=== Task statement ===
Return every record below exactly as given, images excluded.

=== Scraped caption text data ===
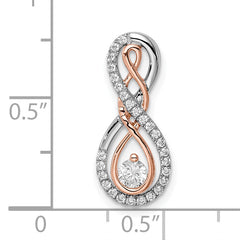 14k Two-tone White and Rose Infinity Diamond Chain Slide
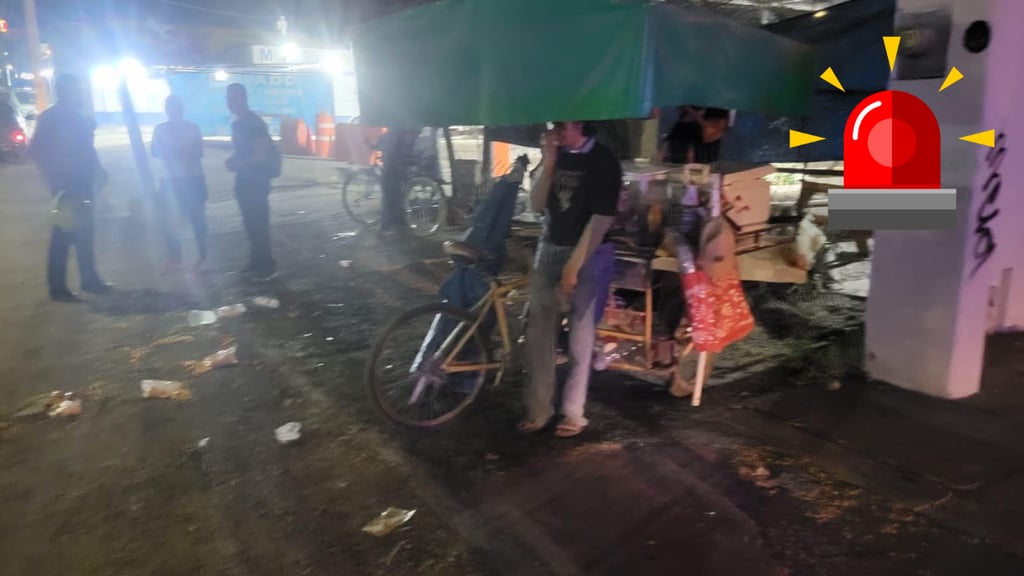 Vendedor en triciclo fue arrollado por un vehículo en Gómez Palacio; el responsable huyó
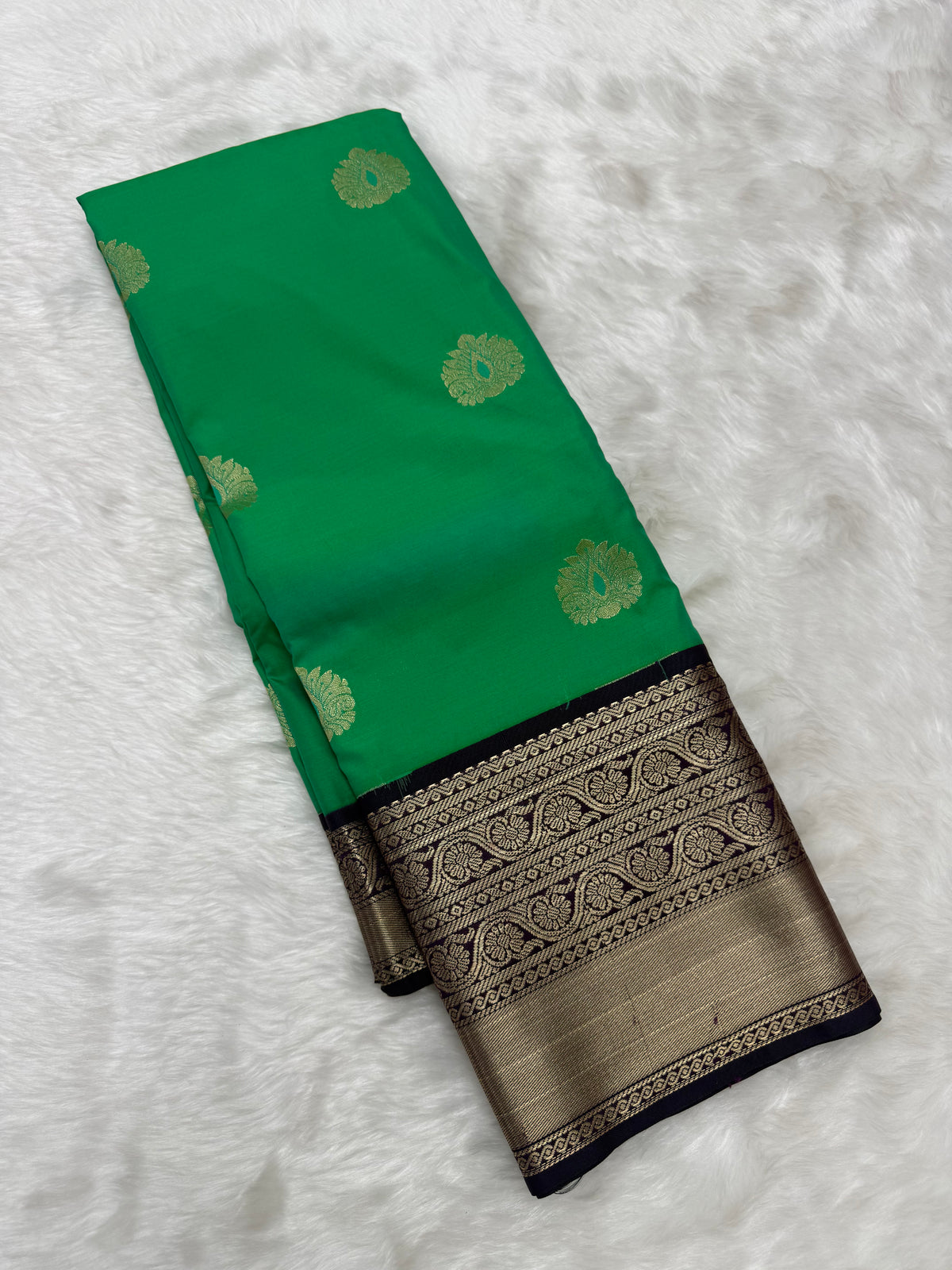 PREMIUM SEMI KANCHI SILK SAREE - JADE GREEN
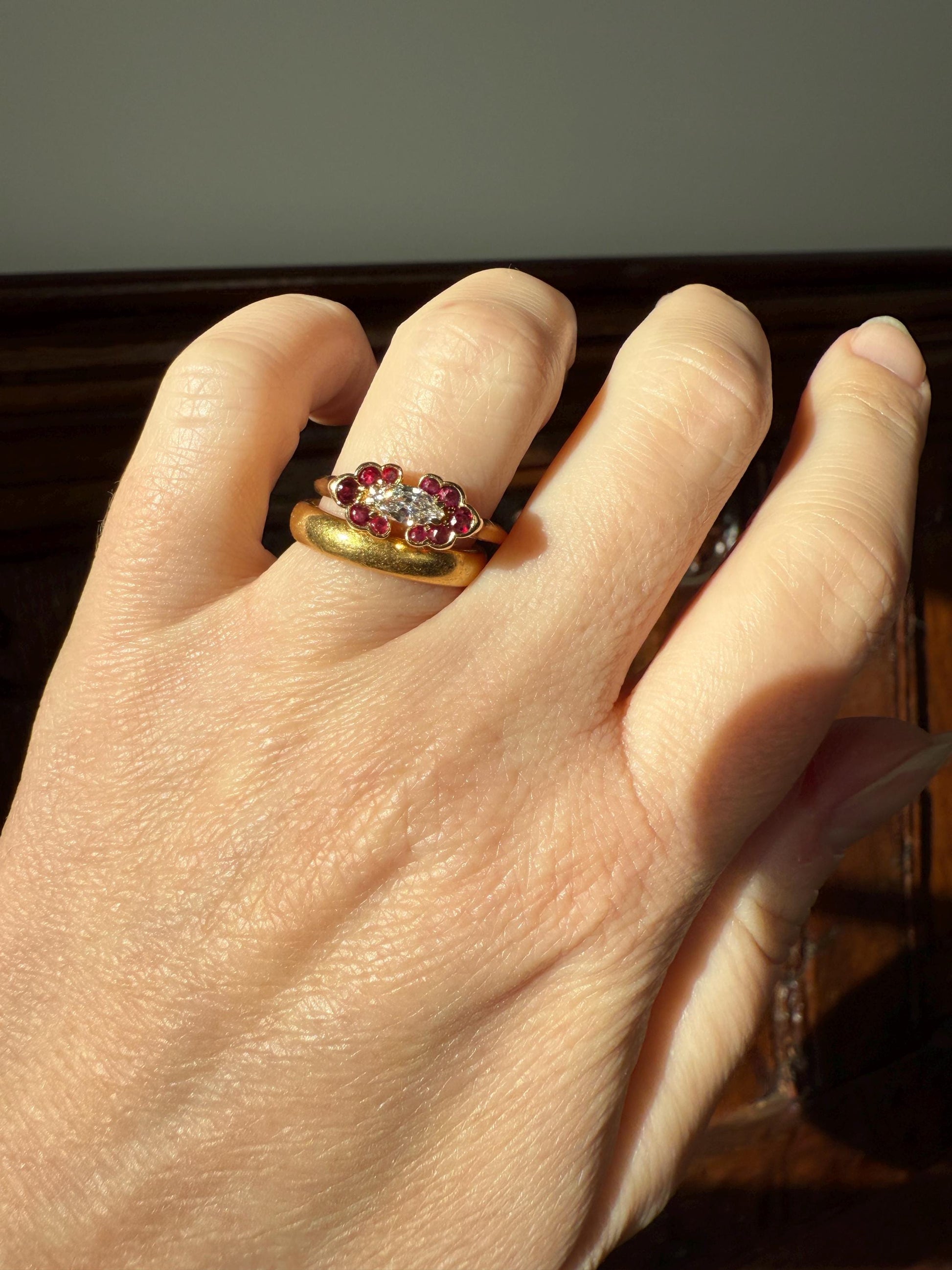 Boxed PIAGET Vintage East West MARQUISE Diamond Scalloped Ruby Halo 18k Gold Ring French Navette Cut Stacker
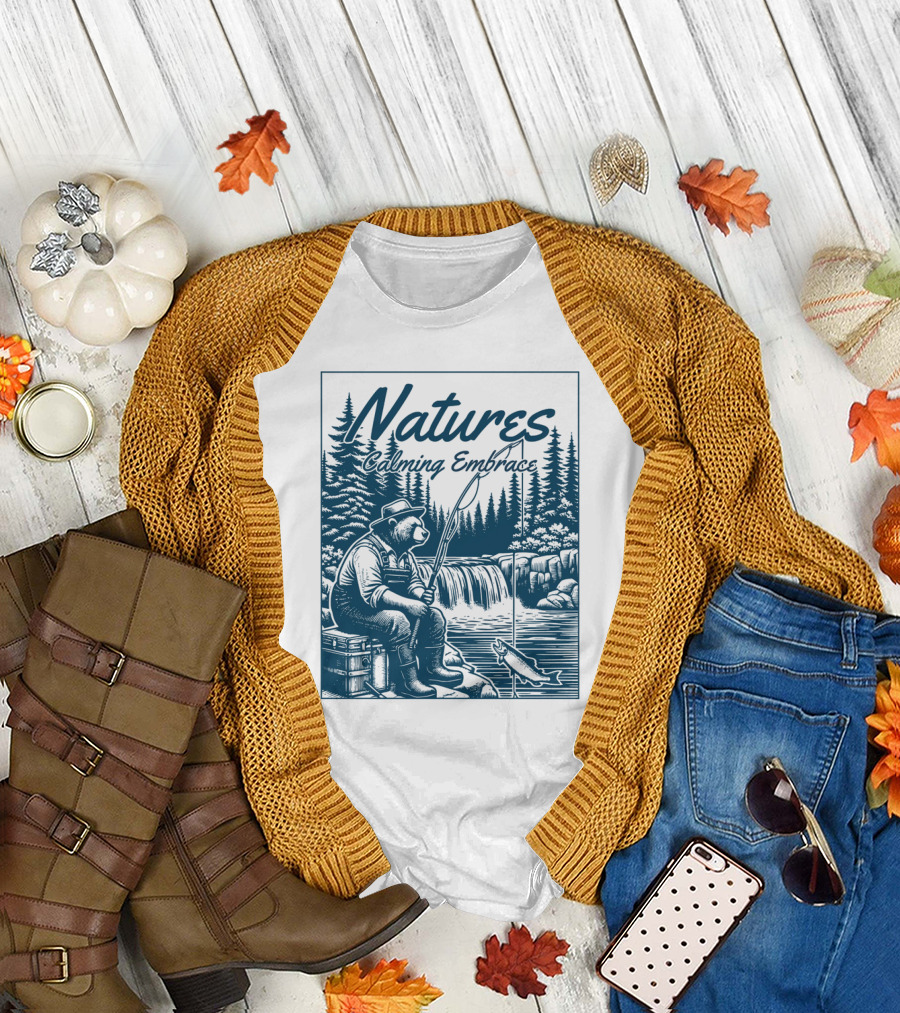 Natures Calming Embrace Bear Fishing by Waterfall T-Shirt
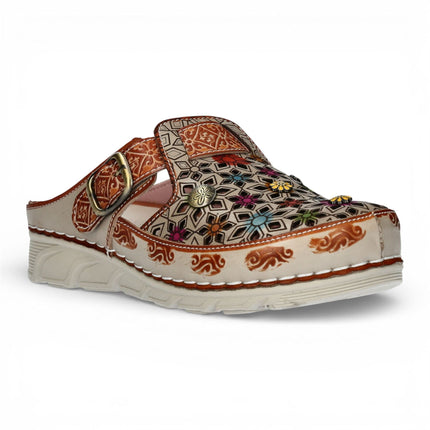 Laura Vita Women’s Dorry 01 Floral Beige Leather Wedge Slipper Sandals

=== Solution for this task ===
 14k Two-tone White and Rose Infinity Diamond Chain Slide
 Vendedor en triciclo fue arrollado por un vehículo en Gómez Palacio; el responsable huyó
 PREMIUM SEMI KANCHI SILK SAREE - JADE GREEN
 Boxed PIAGET Vintage East West MARQUISE Diamond Scalloped Ruby Halo 18k Gold Ring French Navette Cut Stacker
 Natures Calming Embrace Bear Fishing by Waterfall T-Shirt
 Laura Vita Women’s Dorry 01 Floral Beige Leather Wedge Slipper Sandals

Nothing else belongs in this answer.